Ademais, como rever? Através da compilação de relatos de pessoas com ascendência japonesa, Dani Shirozono questiona as agressões cotidianas, as que estão em qualquer lugar onde não espera. E, como um brincar, as transforma em um manual de instrução do que fazer: feitas de um material precário como o papel, a partir do origami, a artista produz essas armas possíveis. Também põe em mãos de quem atrever passear por seu experimento a chance de produzir a sua própria possível arma por meio das dobras que lá já estão. Aqui, na dobradura preexistente, volto às reminiscências que percorrem esse espaço.
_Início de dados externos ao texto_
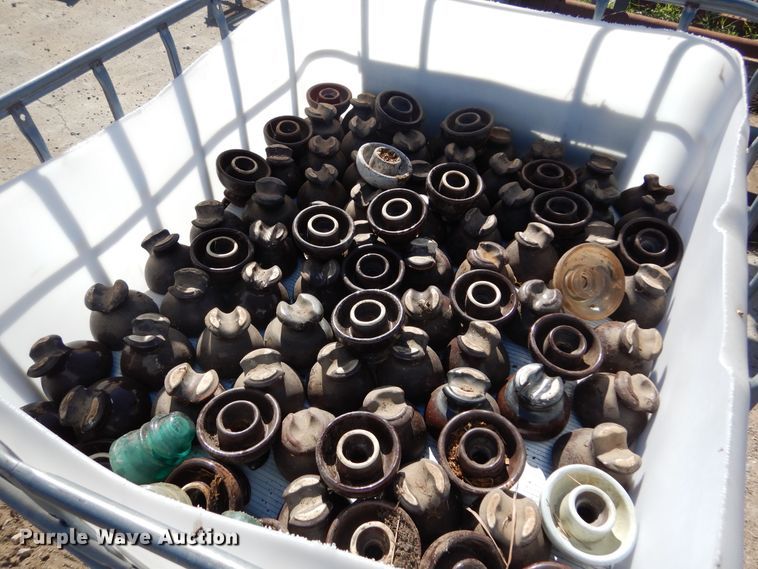 image for item DL6344 Approximately 300 porcelain insulators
Andar por esse espaço é então exercício de todos os sentidos. Sentem-se à mesa, sintam o cheiro do café, bebam, olhem o diante, escutem e se infiltrem na família da artista, façam das memórias deles as suas. Esse é o exercício da memória como um enxame hipotético. Shirozono vai remontando a família, os lugares onde passaram, os sentimentos, ao tom coloquial, mas nas entrelinhas estão as agressões e as armas possíveis. Dessa forma, concebam com a artista todas as veredas que estão nesse espaço suspenso e cíclico, disfarçado de convite ao ateliê.